Al entrar, mi madre y yo nos encontramos en un limbo ajeno a las calles rebosantes “en gente” de la Venustiano Carranza, a los ensordecedores gritos de los autos en la avenida. Allí el aire era artificialmente fresco, y mi madre y mi padre podían coexistir pacíficamente en un mismo espacio, también de manera artificial. Por primera vez en una vida no hubo sutiles gestos de desagrado, incluso llegaron a sentarse juntos a platicar por unos minutos. Se dieron un abrazo y mi mirada se apartó de ellos.

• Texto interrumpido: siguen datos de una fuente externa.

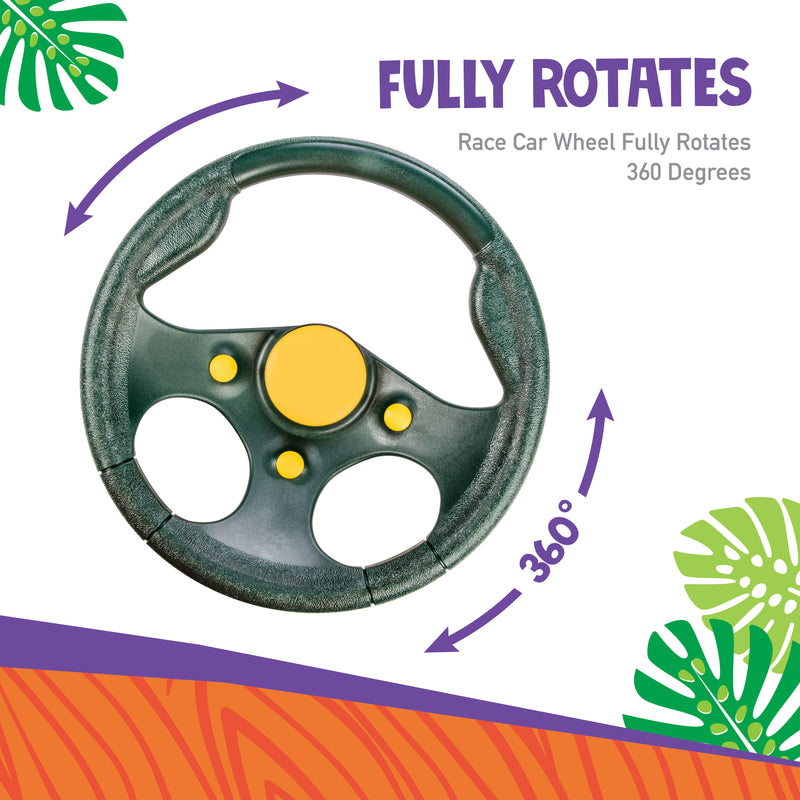 Racing Wheel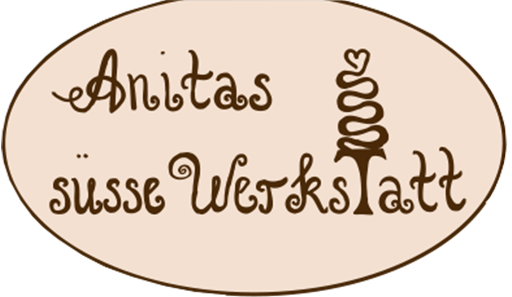 Logo - Anitas süsse Werkstatt GmbH
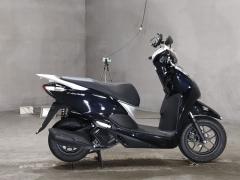 Honda LEAD125 2022
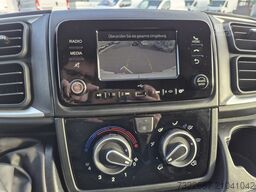 Peugeot Boxer L2H2 335 Workesite Light & Winter-Paket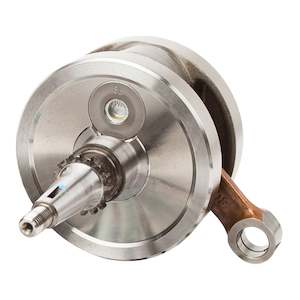 Crankshafts: Crankshaft Kawasaki KX250F '04-'08 / Suzuki RMZ250 '04-'06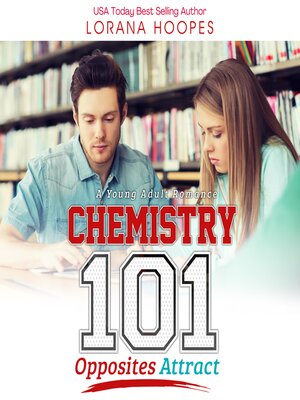 cover image of Chemistry 101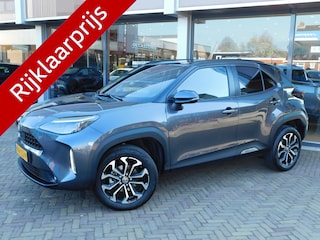 Toyota Yaris Cross 1.5 Hybrid 115 First Edition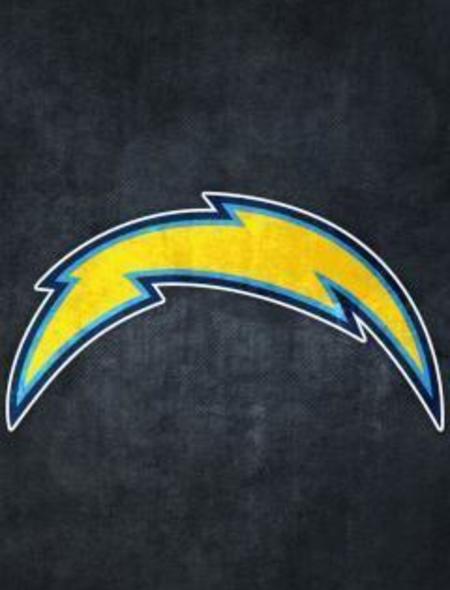 Wallpaper San Diego Chargers Grungy Samsung Galaxy S4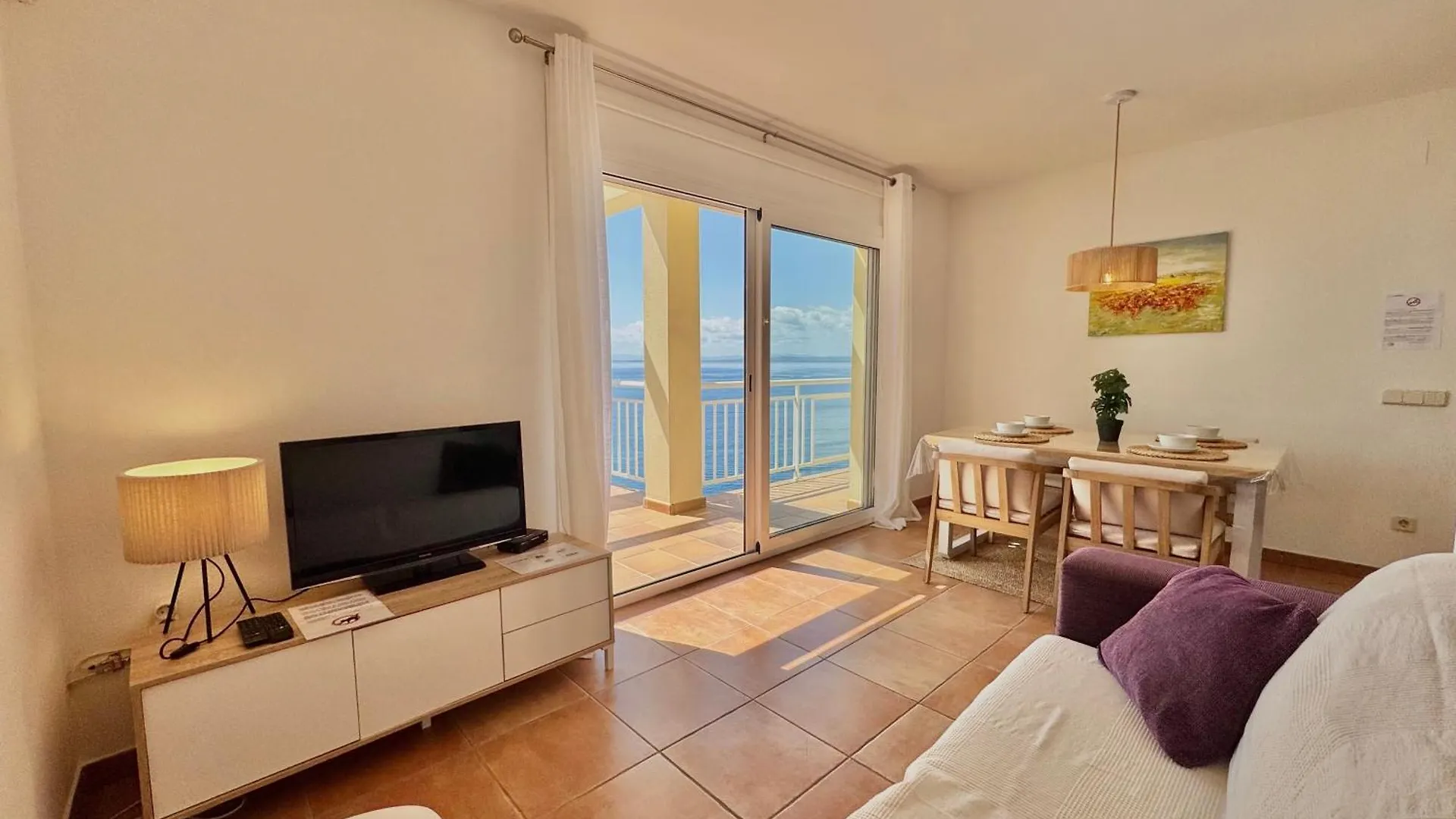 Apartmán Marina 2 Roses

En otra de las esquinas del cuarto resaltaba mi abuelo. Sus pantalones negros y su chamarra, sus zapatos y su camisa a cuadros. Sus manos callosas, rotas por trabajos tan diversos como el de enterrador, o el tener que vender Yakults a través de toda la ciudad.
Cuando llegaron los tamales para todos, él sólo bebió un vaso de café, no tenía hambre. Cuando el padre concluyó su sermón respecto de cómo sólo debemos comulgar si verdaderamente nos encontramos libres de pecado, ni yo ni él nos acercamos. Cada vez mi abuelo se quedaba más inmóvil, dejando cada vez menos su asiento, charlando cada vez menos con los invitados.
Durante todo ese lapso sin tiempo, sus ojos, contorneados por la edad, expresaban más que todos los poemas del mundo. En ellos podía leerse las últimas horas de una historia de amor que duraba más de 50 años, un millar de promesas y segundos que se extendían en reflexiones sobre la muerte que sólo entienden los viejos. A través de su mirada, caricias, besos, llanto, la crianza de 5 hijos entre las más profundas carencias se desvanecían como el humo.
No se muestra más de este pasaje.